Bring back every record exactly, except for the pictures, which stay out.

Image-text web data
_____

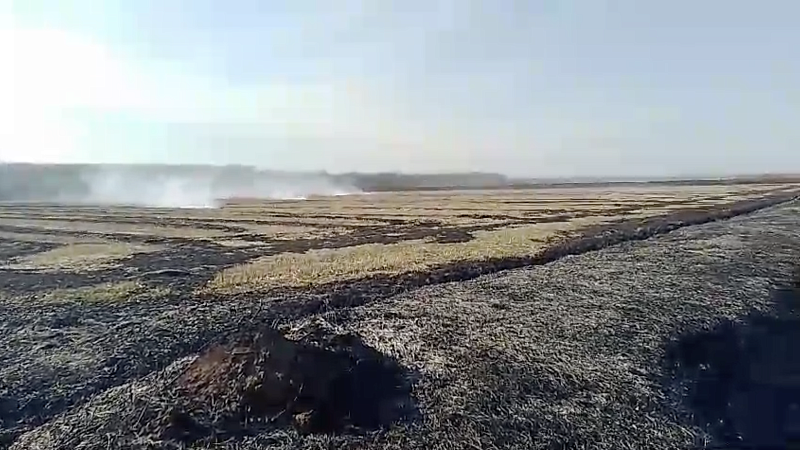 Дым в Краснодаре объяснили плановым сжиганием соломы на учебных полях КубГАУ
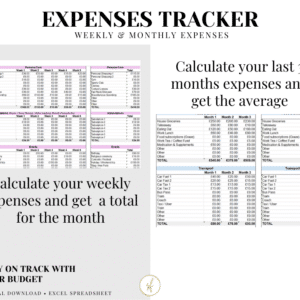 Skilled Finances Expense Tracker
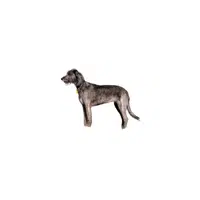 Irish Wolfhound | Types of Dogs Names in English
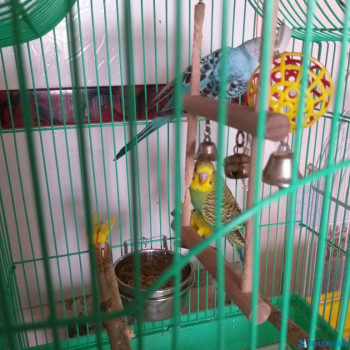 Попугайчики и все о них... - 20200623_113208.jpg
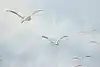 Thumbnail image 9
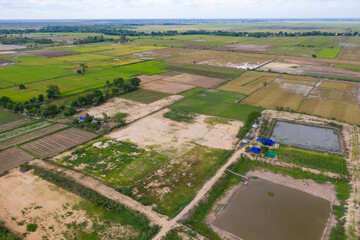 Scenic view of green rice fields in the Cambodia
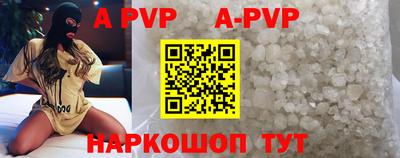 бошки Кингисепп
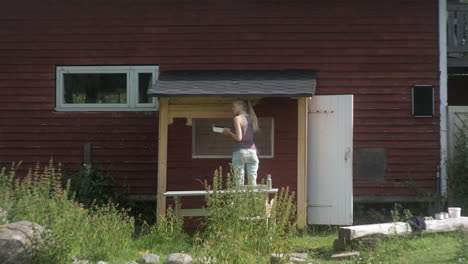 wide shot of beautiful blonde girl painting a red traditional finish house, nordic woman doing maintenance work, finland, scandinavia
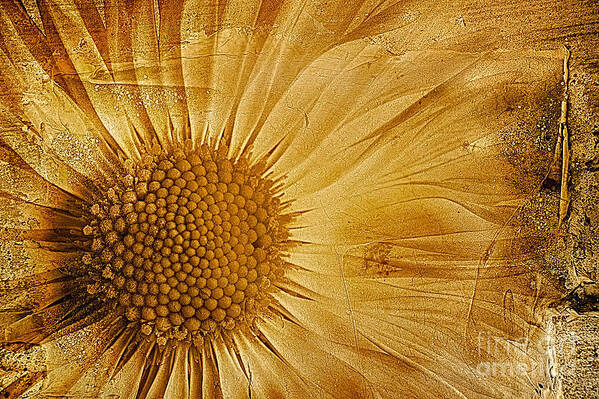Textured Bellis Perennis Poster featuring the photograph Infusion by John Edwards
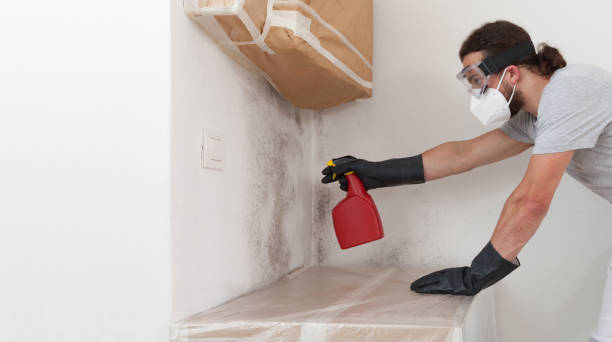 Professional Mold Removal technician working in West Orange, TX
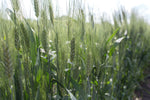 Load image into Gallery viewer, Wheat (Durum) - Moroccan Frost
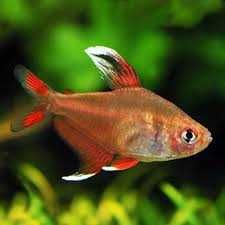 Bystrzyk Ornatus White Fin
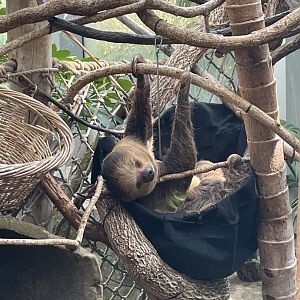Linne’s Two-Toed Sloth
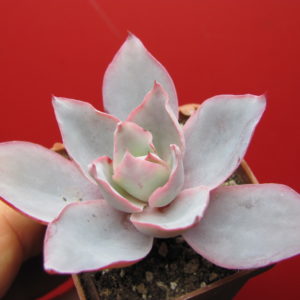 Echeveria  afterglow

_____

- **EXERCISE RESPONSE**
 Дым в Краснодаре объяснили плановым сжиганием соломы на учебных полях КубГАУ
 Skilled Finances Expense Tracker
 Irish Wolfhound | Types of Dogs Names in English
 Попугайчики и все о них... - 20200623_113208.jpg
 Thumbnail image 9
 Scenic view of green rice fields in the Cambodia
 бошки Кингисепп
 wide shot of beautiful blonde girl painting a red traditional finish house, nordic woman doing maintenance work, finland, scandinavia
Textured Bellis Perennis Poster featuring the photograph Infusion by John Edwards
 Professional Mold Removal technician working in West Orange, TX
 Load image into Gallery viewer, Wheat (Durum) - Moroccan Frost
 Bystrzyk Ornatus White Fin
Linne’s Two-Toed Sloth
 Echeveria  afterglow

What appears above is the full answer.